Because his role – he’s a dignitary. He’s a diplomat. He’s the governor. He had people come every day – about a hundred and fifty – for lunch, or dinner, or something. And he said, “I can tax the people. That’s my right. But out of my own pocket I did it, because they can’t handle it.”
And then, notice where his focus is. He says – here’s a prayer – “Remember me with favor, O my God, for all I have done for these people.” That’s why he had courage.
Now, in your notes – here’s what I want you to get. Why was he so effective? Just jot down, “His example.” He walked his talk. So, for some of us the first application is not what we say. It’s, we need to walk our own talk.
The second thing that gave him moral authority was his courage.

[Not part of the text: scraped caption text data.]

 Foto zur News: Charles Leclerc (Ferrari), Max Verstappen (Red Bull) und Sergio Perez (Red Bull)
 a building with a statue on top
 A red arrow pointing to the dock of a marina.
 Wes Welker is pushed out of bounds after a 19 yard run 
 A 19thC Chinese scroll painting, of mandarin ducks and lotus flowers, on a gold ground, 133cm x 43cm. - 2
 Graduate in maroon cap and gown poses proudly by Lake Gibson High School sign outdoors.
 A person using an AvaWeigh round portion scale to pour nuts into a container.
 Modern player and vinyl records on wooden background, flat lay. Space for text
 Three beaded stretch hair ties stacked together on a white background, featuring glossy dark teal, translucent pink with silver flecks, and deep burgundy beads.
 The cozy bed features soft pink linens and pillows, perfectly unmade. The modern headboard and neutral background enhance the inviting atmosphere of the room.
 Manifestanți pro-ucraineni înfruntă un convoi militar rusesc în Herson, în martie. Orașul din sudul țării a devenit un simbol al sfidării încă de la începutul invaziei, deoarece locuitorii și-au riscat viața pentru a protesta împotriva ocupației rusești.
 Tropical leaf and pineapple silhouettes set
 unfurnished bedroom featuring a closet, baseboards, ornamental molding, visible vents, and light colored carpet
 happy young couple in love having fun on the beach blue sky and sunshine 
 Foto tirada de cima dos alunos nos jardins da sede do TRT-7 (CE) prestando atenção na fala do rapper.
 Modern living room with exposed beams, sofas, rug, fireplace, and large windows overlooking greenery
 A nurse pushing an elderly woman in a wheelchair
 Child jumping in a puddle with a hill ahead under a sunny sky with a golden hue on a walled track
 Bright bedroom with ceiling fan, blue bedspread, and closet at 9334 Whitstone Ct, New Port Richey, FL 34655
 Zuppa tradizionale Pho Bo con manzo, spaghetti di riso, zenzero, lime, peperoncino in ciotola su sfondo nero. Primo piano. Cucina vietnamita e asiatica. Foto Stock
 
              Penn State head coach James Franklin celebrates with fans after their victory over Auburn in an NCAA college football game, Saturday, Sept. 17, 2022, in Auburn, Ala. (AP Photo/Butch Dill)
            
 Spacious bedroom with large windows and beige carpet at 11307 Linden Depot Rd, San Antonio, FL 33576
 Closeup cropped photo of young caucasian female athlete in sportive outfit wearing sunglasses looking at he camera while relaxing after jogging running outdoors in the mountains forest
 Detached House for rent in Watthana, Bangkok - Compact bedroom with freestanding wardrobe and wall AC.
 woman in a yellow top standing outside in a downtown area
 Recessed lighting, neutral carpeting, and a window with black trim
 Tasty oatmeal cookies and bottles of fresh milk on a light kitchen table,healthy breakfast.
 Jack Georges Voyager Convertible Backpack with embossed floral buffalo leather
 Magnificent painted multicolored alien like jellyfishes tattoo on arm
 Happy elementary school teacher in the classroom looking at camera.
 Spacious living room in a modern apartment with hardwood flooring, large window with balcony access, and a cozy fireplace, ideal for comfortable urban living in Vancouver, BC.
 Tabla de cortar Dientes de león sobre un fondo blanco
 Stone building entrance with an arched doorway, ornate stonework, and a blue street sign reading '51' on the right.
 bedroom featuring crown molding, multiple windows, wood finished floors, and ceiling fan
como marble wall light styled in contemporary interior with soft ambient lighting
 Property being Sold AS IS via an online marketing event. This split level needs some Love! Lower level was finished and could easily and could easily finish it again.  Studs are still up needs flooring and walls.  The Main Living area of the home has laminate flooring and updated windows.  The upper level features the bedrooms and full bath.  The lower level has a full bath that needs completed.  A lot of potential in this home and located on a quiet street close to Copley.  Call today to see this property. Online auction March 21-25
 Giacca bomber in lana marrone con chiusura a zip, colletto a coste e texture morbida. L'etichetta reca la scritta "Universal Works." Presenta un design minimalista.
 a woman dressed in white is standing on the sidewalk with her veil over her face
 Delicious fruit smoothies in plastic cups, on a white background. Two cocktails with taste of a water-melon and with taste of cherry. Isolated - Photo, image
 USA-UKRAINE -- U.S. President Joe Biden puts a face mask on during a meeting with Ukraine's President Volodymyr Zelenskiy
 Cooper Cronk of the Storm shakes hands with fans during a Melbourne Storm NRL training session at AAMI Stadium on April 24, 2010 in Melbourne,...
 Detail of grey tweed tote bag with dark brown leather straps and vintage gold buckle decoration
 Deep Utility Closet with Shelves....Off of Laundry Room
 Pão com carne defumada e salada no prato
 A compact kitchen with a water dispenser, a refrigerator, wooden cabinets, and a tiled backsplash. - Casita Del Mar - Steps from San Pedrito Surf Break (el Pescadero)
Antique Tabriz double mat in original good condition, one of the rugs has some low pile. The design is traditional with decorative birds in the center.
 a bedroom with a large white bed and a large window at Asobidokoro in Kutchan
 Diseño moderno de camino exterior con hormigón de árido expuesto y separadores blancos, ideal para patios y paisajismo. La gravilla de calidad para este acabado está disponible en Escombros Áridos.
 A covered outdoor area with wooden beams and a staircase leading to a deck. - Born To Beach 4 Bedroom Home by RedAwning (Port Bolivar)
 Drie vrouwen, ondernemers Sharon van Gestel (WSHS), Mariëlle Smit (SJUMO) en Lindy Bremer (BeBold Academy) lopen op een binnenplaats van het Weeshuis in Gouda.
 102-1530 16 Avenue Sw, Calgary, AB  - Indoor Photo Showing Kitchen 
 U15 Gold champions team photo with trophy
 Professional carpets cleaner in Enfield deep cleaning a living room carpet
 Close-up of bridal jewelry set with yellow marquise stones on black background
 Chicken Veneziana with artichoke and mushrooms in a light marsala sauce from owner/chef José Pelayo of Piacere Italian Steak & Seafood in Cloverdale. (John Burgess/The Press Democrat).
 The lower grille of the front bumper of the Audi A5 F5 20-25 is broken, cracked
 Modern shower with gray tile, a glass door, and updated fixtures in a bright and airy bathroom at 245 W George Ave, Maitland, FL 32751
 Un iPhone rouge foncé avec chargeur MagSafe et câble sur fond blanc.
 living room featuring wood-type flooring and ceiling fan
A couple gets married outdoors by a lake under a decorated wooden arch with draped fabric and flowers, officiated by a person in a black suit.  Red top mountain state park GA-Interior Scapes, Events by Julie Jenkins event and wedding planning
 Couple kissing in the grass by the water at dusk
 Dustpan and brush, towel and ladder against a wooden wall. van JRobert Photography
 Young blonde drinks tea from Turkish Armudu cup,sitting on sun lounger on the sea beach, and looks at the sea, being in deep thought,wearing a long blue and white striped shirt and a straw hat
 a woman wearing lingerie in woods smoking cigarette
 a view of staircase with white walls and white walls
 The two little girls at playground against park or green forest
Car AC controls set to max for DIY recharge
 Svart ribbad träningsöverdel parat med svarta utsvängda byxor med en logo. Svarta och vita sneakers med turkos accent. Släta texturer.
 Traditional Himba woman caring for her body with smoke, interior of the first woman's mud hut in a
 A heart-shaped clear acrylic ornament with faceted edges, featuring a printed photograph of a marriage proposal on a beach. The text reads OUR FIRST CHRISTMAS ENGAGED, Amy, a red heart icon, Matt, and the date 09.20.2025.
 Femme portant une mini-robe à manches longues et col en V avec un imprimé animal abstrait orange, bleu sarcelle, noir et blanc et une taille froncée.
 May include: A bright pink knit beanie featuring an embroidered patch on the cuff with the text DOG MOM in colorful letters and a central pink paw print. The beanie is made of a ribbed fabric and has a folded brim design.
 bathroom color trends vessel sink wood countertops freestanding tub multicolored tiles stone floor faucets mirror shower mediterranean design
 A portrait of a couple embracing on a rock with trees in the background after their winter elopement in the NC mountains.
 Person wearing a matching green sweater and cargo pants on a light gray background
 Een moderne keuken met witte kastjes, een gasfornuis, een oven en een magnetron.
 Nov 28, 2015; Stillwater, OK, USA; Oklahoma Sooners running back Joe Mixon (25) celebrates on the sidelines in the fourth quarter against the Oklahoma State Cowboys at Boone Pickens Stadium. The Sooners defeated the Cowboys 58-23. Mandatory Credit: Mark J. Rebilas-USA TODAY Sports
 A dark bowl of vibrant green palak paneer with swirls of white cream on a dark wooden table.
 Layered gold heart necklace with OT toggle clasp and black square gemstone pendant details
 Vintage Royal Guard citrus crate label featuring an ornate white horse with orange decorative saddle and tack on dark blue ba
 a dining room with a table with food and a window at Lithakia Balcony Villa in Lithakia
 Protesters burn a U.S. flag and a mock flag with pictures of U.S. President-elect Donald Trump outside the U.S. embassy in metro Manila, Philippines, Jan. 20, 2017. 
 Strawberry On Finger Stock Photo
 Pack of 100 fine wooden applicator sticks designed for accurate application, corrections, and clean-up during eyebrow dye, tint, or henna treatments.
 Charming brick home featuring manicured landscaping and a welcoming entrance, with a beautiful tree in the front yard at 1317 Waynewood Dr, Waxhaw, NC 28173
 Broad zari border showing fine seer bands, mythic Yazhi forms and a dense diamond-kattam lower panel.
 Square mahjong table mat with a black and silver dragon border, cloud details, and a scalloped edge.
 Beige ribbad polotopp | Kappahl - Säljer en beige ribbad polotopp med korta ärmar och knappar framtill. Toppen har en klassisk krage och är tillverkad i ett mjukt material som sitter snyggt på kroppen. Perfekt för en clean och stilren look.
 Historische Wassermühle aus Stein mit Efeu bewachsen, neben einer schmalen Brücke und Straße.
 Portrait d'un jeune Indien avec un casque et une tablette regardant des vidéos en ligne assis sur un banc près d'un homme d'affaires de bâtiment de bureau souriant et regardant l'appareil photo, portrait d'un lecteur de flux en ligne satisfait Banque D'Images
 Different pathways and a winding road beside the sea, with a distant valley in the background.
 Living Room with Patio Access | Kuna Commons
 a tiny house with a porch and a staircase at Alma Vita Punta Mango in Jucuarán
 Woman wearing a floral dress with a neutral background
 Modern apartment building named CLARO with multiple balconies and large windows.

He cared enough to confront. He got mad! But he got mad under control. He didn’t compromise. That’s what’s killing us. It’s killing families. It kills denominations. It kills small groups. It kills people in the workplace. You’re a follower of Christ; don’t compromise.
Third, his love. The people mattered to him. Well, how much? Well, if I would look at the P&L statement for Nehemiah, “Nehemiah, where is your money going?” Because that always tells you where your heart is. Well, out of his own pocket, for twelve years, here’s the money. “I paid for this. I handled that. I made some loans.”
Where your time goes, and where your money goes, and where your energy goes – you can think whatever you want about what matters. That’s what matters.
Nehemiah loved people. And he loved them not to the point where he did a little something that made him appear that he was loving. He did things that cost.
Finally, his integrity. He feared God. Life verse for me on this one is Proverbs 29:25, “The fear of man is a snare.” And we’re all afraid. We’re all people pleasers, to some level. But at the end of the day, Nehemiah said, “I’d rather be afraid of God, and not doing what He wants me to do, than afraid of what people think.”
And so, in summary, the leverage of your life is what gives weight to your words. It’s your life. And by the way, perfection? Absolutely not. But your life, your authenticity, you live it out. And something happens in the heart, in the soul of your children, and your friends, and the people in your small group, as you blaze a trail, and you’re a Nehemiah. We spur one another on to love, and to good works, and other people realize, I want to be like you. I want to walk with God like you. It’s contagious. That’s how great things get done.
This is the last prayer, on earth, of Jesus. And He says, “Father, this is My prayer, that these followers of Mine could be one, even as We are one. I want people to hear, not just these present disciples or followers, but the disciples that will hear and believe from them,” which is all of us, in the last two thousand years. “I long for them to have a unity, and a connectedness, and an authenticity with one another that, when they see how they treat one another, and how truthful they are, and how pure they are, and how authentic they are, they will then know that the Father has sent Me.”
And so, Father, I know it requires courage. I know that as Your Spirit speaks there are people going, Oh my lands, what does this mean? What do I need to do? And so, before we move on, can I just ask you to stop? Stop in your tracks and just ask the Spirit of God to whisper clearly, What’s my next step? Tell Him you want to obey. Accept His forgiveness. Ask for courage.